In England this has been standard practice for 20 years and has been generally successful, since well-chosen issues become “sticky” not because they are unsound investments but only because of sudden market upsets. A good U. S. example was last fall’s Pure Oil issue, a sound enough investment which failed to sell because of a market crash. If its underwriters had been an investment trust they could have added the unsold bonds to their portfolio, thus saving their own skins and not impairing the investment trust.
Ignoring this argument and the obvious fact that if an issue becomes sticky and causes a loss to Union Securities Corp. the loss will inevitably be passed on to its investment trust backers, Tri-Continental and Selected Industries last week preferred to lay their new venture to two lesser reasons: 1) they have large chunks of capital they are eager to use; 2) since banks were divorced from underwriting, and death or depression has slashed the ranks of underwriters, there is an acknowledged lack of underwriting capital.
Chairman of the new firm is Tri-Continental’s longtime head, handsome, suave, bright-eyed Earle Bailie. Born in Milwaukee, this 48-year-old banker began as a lawyer, in 1919 joined J. & W. Seligman & Co., became a partner in four year. He enjoyed a brief moment of national prominence in 1934 as right-hand man to Secretary of the Treasury Henry Morgenthau Jr., was forced out by Senatorial objections to his Wall Street background.
As the war-scare paralysis waned last week, underwriting and security markets revived hand in hand. On the New York Stock Exchange heavy buying volume shot the Dow-Jones industrial average to a new 1938 high of 149.75, which was “confirmed” by a new peak since January of 30.91 for the railroad averages. Underwriters were heartened by the successful sale of a $37,500,000 refunding by Virginia Electric & Power Co. and a $42,000,000 refunding by MichiganConsolidated Gas Co.
Meanwhile, SEC, pondering ways to regulate private security flotations, was last week told by Vice President Charles W. Kellogg of Virginia Electric & Power that private selling is short-sighted even though it does avoid underwriting costs and the irks of registration. Said he: “The buyers for the large life insurance companies are very canny gentlemen. They know just about what it costs to get an issue registered. They know just about what the spread that the company will pay to an investment banking group to sell their bonds will be.
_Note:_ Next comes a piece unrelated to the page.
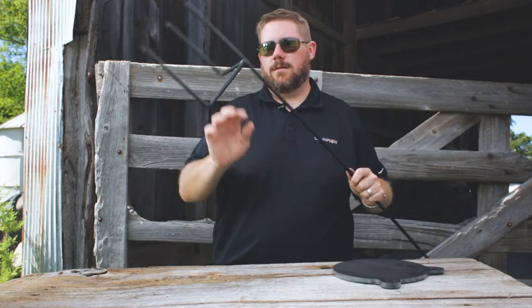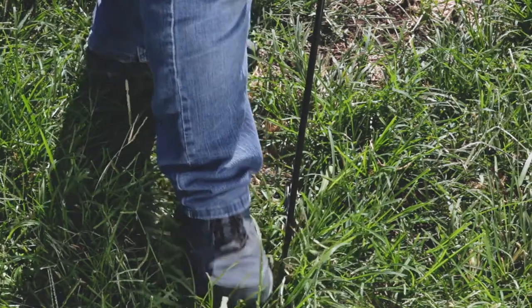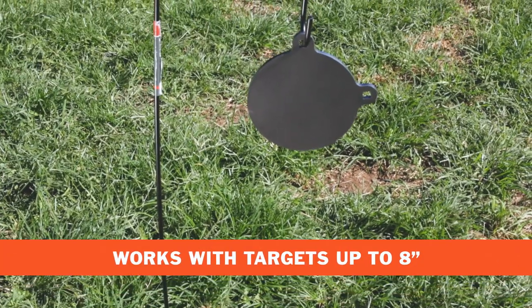We've also added another leg, which gives it a lot more stability when inserted into the ground. Once you're where you want to shoot, just step the Shepherd's Hook into the ground, then hang the plate, and you're ready to go shooting. This will work with targets up to 8 inches.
And they insist on getting both these things themselves in the price they offer for the bonds. So that, in the end, the company not only loses its broad distribution and what value to it that represents, but, also, it has no real net gain in the net price and, finally, the effect of a private sale is that the company can never, during the 30-year life of these bonds, take advantage, as it otherwise could, of lower bond prices in future years in purchasing bonds for the sinking fund, for it is safe to say that none of this small group of private buyers would sell their bonds for less than the call price.”